6月16日・17日と大島へ行ってきました。
現地での支援活動を終えて東京に戻ってからから実に8ヶ月ぶりの訪問。そんなに月日が経ってたなんて信じられないほどあっという間の時間で、それでも大島での濃密な日常を過ごしたからこそ、足を運べばすぐにあの頃の日々に戻れる。当たり前のように、昨日も会ってたかのように普通に接してくれるありがたみをたくさん実感してきました。
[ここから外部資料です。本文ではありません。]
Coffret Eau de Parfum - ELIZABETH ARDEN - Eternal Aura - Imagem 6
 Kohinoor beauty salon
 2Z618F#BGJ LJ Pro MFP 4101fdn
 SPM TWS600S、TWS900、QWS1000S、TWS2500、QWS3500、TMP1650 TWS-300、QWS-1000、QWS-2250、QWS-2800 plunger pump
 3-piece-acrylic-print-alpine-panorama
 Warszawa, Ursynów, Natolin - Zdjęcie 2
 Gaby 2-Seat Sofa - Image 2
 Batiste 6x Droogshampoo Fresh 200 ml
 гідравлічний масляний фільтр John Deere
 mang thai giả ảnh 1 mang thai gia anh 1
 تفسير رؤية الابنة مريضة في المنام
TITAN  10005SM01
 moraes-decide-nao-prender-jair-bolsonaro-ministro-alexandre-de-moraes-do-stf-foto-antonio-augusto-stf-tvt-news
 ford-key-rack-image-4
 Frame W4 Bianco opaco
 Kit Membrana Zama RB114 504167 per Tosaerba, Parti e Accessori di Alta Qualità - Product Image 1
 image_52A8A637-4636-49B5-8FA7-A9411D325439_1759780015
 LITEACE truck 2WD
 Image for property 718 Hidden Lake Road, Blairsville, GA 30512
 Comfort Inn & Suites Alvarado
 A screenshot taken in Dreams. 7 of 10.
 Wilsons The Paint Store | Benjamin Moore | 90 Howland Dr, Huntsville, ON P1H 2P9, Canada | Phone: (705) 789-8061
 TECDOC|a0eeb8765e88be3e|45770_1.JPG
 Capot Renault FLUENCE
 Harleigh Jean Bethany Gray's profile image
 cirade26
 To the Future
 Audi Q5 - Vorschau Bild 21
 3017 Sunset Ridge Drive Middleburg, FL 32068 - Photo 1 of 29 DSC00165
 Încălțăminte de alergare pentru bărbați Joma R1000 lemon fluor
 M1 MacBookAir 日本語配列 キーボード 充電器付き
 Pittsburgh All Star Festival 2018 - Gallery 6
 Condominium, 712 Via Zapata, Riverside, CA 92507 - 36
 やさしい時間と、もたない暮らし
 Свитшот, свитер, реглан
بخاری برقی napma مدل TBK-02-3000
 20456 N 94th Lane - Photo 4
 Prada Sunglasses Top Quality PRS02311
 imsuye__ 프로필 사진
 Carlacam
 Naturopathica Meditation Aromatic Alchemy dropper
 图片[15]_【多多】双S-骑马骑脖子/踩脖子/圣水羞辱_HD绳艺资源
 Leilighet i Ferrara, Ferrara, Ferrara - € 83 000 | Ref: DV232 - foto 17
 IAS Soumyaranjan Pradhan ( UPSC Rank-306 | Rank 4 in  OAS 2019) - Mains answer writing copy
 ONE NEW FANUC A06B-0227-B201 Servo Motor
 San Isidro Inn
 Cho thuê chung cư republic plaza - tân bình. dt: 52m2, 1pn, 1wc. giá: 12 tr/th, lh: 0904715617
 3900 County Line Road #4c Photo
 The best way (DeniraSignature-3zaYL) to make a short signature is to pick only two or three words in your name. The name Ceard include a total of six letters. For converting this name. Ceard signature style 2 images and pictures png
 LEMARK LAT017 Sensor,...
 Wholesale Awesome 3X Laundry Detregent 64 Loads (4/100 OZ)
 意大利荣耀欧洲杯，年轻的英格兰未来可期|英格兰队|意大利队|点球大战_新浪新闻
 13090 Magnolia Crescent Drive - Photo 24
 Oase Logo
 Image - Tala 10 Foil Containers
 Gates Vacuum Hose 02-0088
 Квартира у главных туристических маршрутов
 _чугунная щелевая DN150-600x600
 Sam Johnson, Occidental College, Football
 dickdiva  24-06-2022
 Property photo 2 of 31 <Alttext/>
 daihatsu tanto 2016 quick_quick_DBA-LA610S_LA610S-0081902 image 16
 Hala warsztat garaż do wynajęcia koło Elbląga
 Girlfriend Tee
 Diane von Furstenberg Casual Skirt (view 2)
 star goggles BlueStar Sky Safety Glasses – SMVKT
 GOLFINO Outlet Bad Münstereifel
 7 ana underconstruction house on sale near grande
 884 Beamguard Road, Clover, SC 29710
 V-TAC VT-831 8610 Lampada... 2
今回の最大の目的は、写真洗浄でお預かりした写真をお返しすることでした。その辺りの詳細や活動についてはフォとボラのブログで公開してます。

写真を依頼主にお返ししてきました。|フォとボラ

変わったこと

ビジュアル面で言えば、浦の浜の瓦礫の山がなくなっていたり、道路が復旧していたり、多くの建物が取り壊されていたり、お店が建っていたり、細かいことまで挙げるとかなり多くの変化がありました。印象としては、随分スッキリしちゃったなと。

ボランティアの受け入れ窓口がなくなった
災害対策本部やおばか隊の実質的な解散を受け、島外からのボランティアを受け入れる環境が大きく変わりました。
継続的に支援を続けている団体や個人以外、また突発的なイベントなどで募るボランティア以外には平時窓口が存在しないので活動の敷居がぐっと上がってしまった。個人的な繋がりを持たない人間が島にボランティアとして入ることが困難になっているのです。
人が来ることが何よりの復興への助けとなるのは当然の話で、観光産業が未だ正常に機能しない中、ボランティアの流入が減るというのは島の復興への大きなブレーキとなってしまう。

また、一部報道で諸問題が取り沙汰され全国にも広まった島内のごたごた。もちろんしっかりと追求されるべき問題ではあるし、島民の不満が蓄積された結果ではあるけれど、ここまで亀裂が生じてしまうと外から見てても非常にいたたまれない。
そもそも、大島にボランティアセンターは存在しなかった。ボランティアセンターとして活動していたのは私含め数人(交代制で常任1人)のコーディネーターだけだ。
民間の災害対策本部は実質上のボランティアセンターとして機能していたに過ぎず、本来社協が取りまとめるべきところを民間がやり、市役所の影響も弱かった。復旧当初は強いリーダーシップで行政に頼らず行動し、被災地の成功例となっていただけに、本当に残念なことです。個人的には、糾弾されている人たちが本当に頑張っていたところも見ているのでこの問題に関しては誰が悪いとかっていう話はしたくない。
根本的な解決はきっともう難しいのだろうけど、早く事態が収束することを願ってます。

それより何より、ボランティアに対しての旗振り役がいないのはキツい。どうすんの大島。
冷静に考えてボランティアの受け入れ窓口は不可欠なんだけど、新たに立ち上げるなら内部構成を刷新する必要がある。当時災害対策本部に関わっていた外部団体がそれをやったとしても島民が納得するのかどうか。じゃあそれ以外で、島の内情をある程度理解していて各所に顔が知れている人間って考えるとよくよく自分が適任なんじゃないかと思えてきて、色んな人に、伊藤くんがやってよって言われたのがチクチク心を刺激してくる。うーん。考えときます。

変わらないこと

言わずもがな人の温かさ。写真をお返しに行ったその場で気が付いたらお酒が出てきて、気が付いら夕飯が出てきて、気が付いたら一日中飲み明かして話が尽きなくて。
朝市に行けば大量のお土産をもらい、偶然再会できた人にはその場でお酒を買っていただき、島外でもお昼を一緒にとればご馳走になり、またお土産まで持たされ。もう何が何やら。

いつでも帰れる場所。「おかえり。」と迎えてくれる人。だから大好きなのもずっと変わらない。